Jump ahead to track 13, Tammurriata, recorded by Alan in Salerno, Campania on January 6, 1955. The melody sounds like something you would hear at a Moroccan wedding or in a Tunisian café. You do not need to be an ethnomusicologist to conjure up visions of North African caravans, the Silk Road or the travels of Marco Polo when you hear the woman solo singer and the driving rhythms of the accompanying frame drums, ending the song with a lascivious lyric, “It’s under a girl who does it with everyone.” Had Fellini used this piece in his film Satyricon he would have had a more authentic soundtrack, for it has the pathos of a lament by slaves on an ancient Roman Latifundia. Not surprisingly, film director Pasolini did use it and several pieces like it, in his film, The Decamerone.

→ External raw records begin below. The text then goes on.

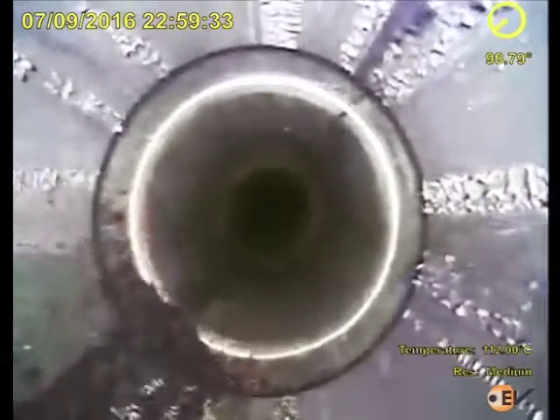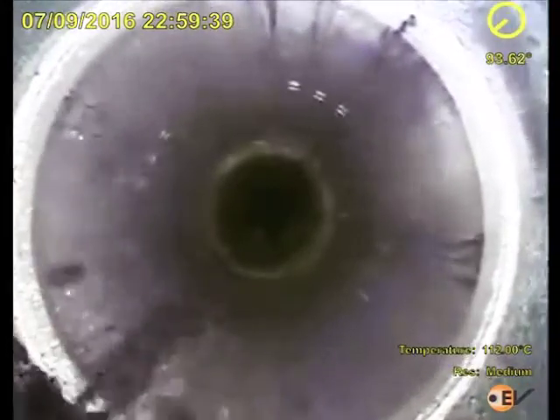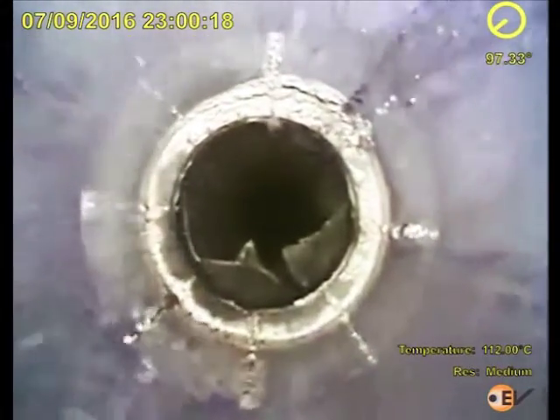A damaged protection sleeve was unexpectedly located at 23,314 feet, preventing further well access beyond this point. This information proves valuable for future well interventions and potential zonal shut-off planning.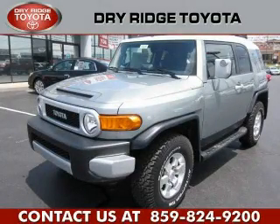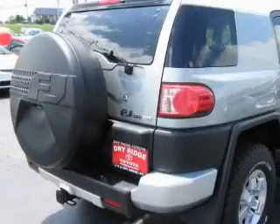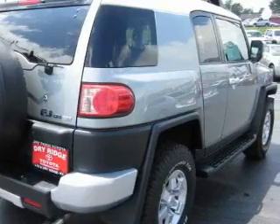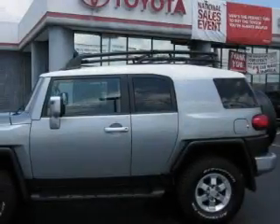This is a brand new 2010 Toyota FJ Cruiser, for when safety, size, and space are of importance. It has a six-cylinder engine, an automatic transmission, and four-wheel drive.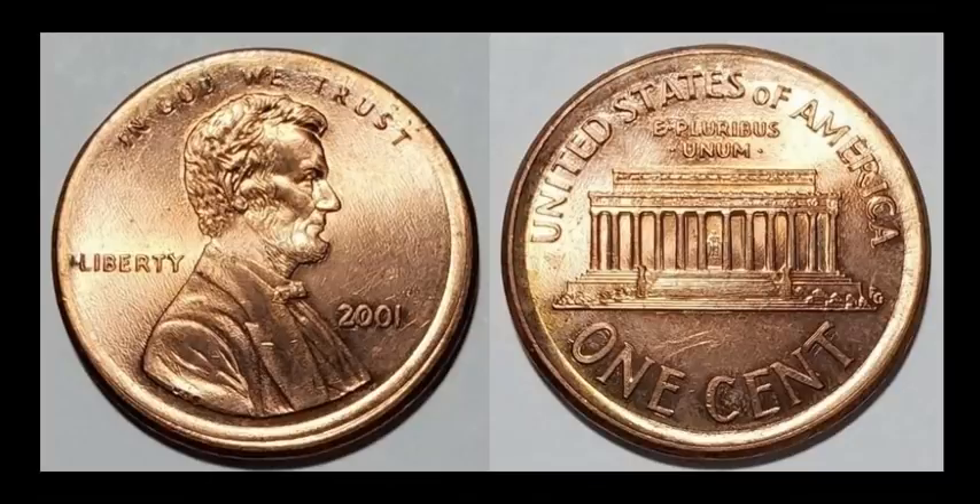We have a 2001 Lincoln Memorial cent. At first glance it doesn't look like anything spectacular, but we do have a nice broad-struck coin. You can tell the coin is just slightly bigger — you can see it right here between the bust and rim, it's a lot more stretched out. These coins were struck without a collar holding the coin together as it's being struck, so the metal flow goes outward like a pancake. This is a relatively common date for such an occurrence. This one sold for $16.50.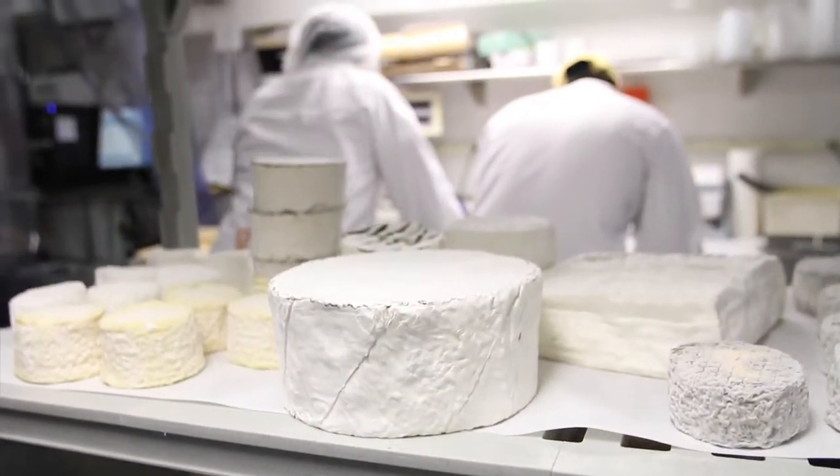We're importing cheeses domestically and from around the world and putting them in here so they can breathe, and what you're smelling is the cheeses breathing.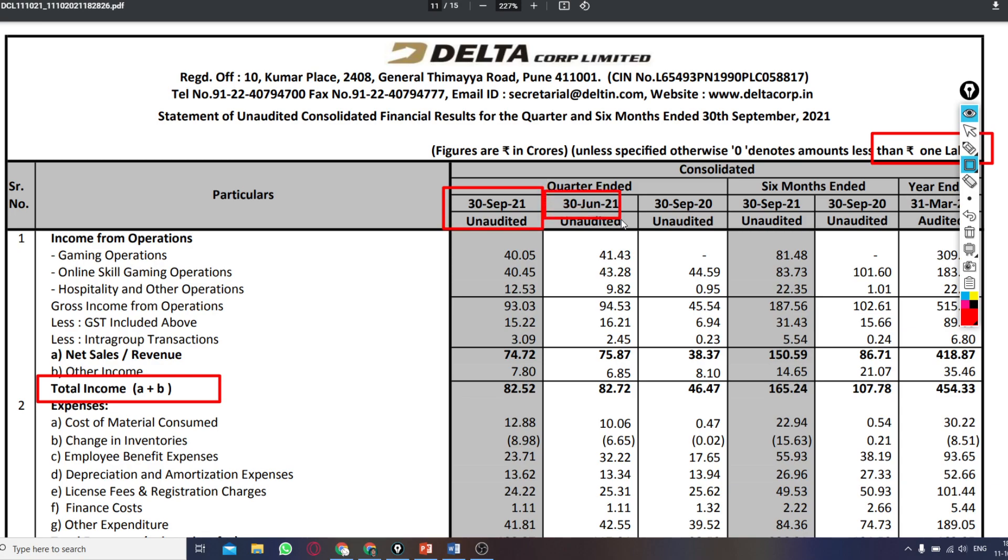In the second column we can see last quarter, and in the third column we can see last year's second quarter. So, talking about the total income: this quarter it was 82.52 lakhs, last quarter it was 82.72 lakhs, and last year it was 46.47 lakhs.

If this song does not stir you, jump to track 7, Serenata, sung in Albanian in an ancient form of polyphony which resembles the liturgy of Greek Orthodox or Bulgarian Church music. We may ask ourselves, which came first, the style of music, or the liturgy? As a scholar of comparative musicology, Alan Lomax argued for the first option.
Alan Lomax in Italy
In 1954, Alan Lomax was based in London, working for the BBC. There his radio and television series, and his recordings of living folk musicians of Ireland, Scotland, and England triggered the later English and Irish folk song revival of the sixties, just as his American recordings and discoveries of American folk icons like Lead Belly, Woody Guthrie and Muddy Waters and others gave substance to America’s blues and folk song revival of the 1940s and the 1960s. Alan was convinced that Italy had as great, if not a greater diversity of folk music as America or the British isles, due to the comparative isolation and diversity of its regional peasant communities.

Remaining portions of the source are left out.